CPUs (Cores)
If your program uses some form of parallelism internally, such as multithreading, OpenMP or MPI, the job will in general need to request one core for each thread or process.
Please note that strictly one CPU will have a number of cores. However, the two terms are often used interchangeably to refer to a single processing unit. In particular, in the Slurm documentation CPU is often used where core is meant.
In order to determine the optimum number of cores for a job, the following two main aspects should be considered:
- Scaliing - How much faster does the program run when the number of cores is increased?
- Wait-time - How much longer will the job have to wait if more cores are requested?
Scaling
With regard to scaling, it is good practice to run the same job with different numbers of cores so that you can get an idea of how the run-time decreases with the degree of parallelisation. It may well be that a job with 32 cores does not run twice as fast as one with only 16, but, say only 1.2 times as fast.

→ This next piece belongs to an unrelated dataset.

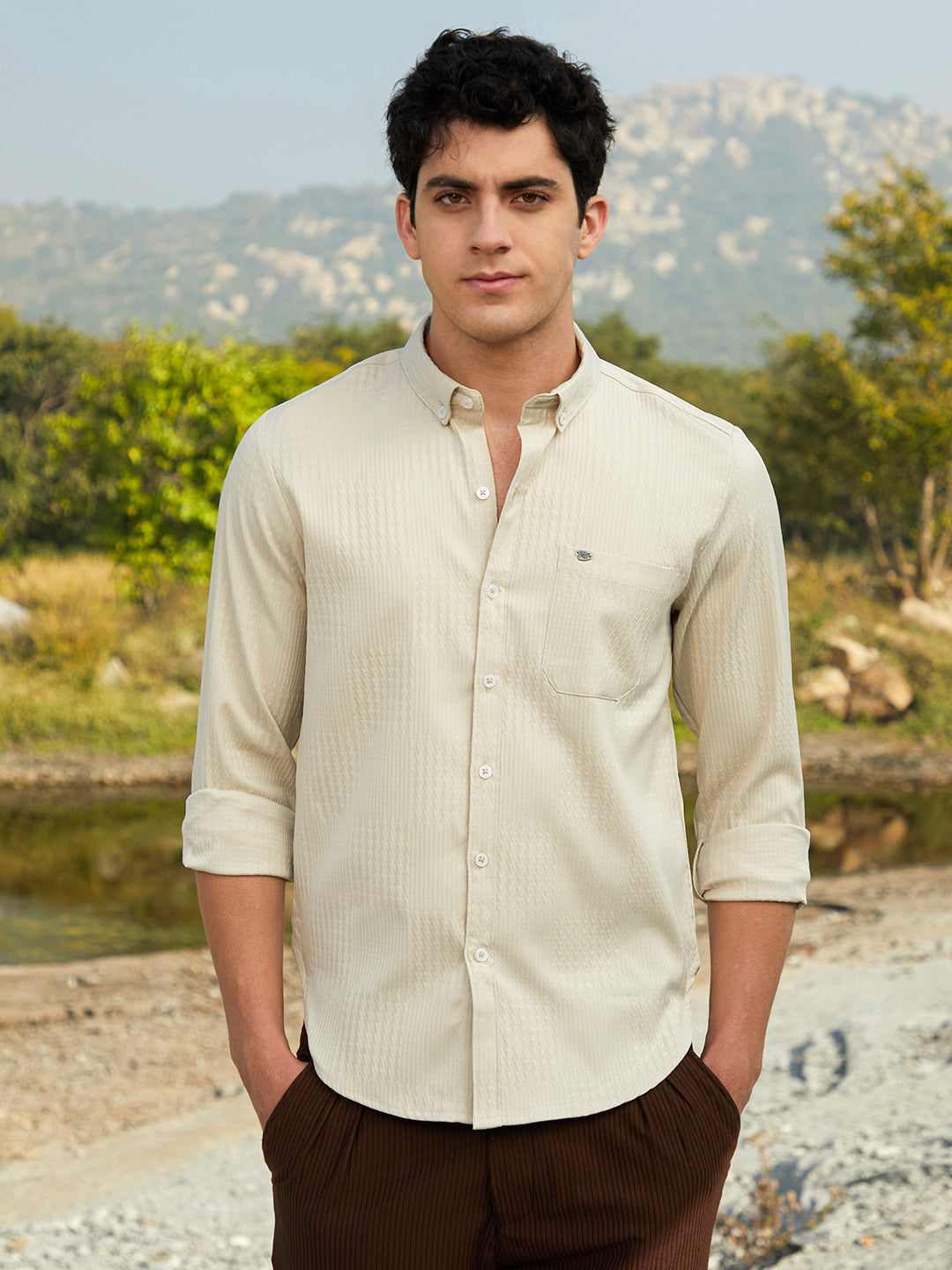 ₹899 | Campus Sutra men's Saltbox Beige Houndstooth-Tactile Shirt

Therefore, before a large number of similar jobs is run, a scaling experiment should be performed in which the same job is run with, say, 1, 2, 4, 8, 16 and 32 cores in order to determine the point at which increasing the number of cores begins to have a weaker effect on the speed of the job.
Wait-time
A job will have to wait if the resources it has requested are not available. If a job has to wait, in general the more resources it has requested, the longer it will have to wait. This is particularly the case if MPI parallelism is not used and all the cores must be within a single node. It is therefore important to ensures that the probable wait-time is appropriate compared with the actual run-time of the job.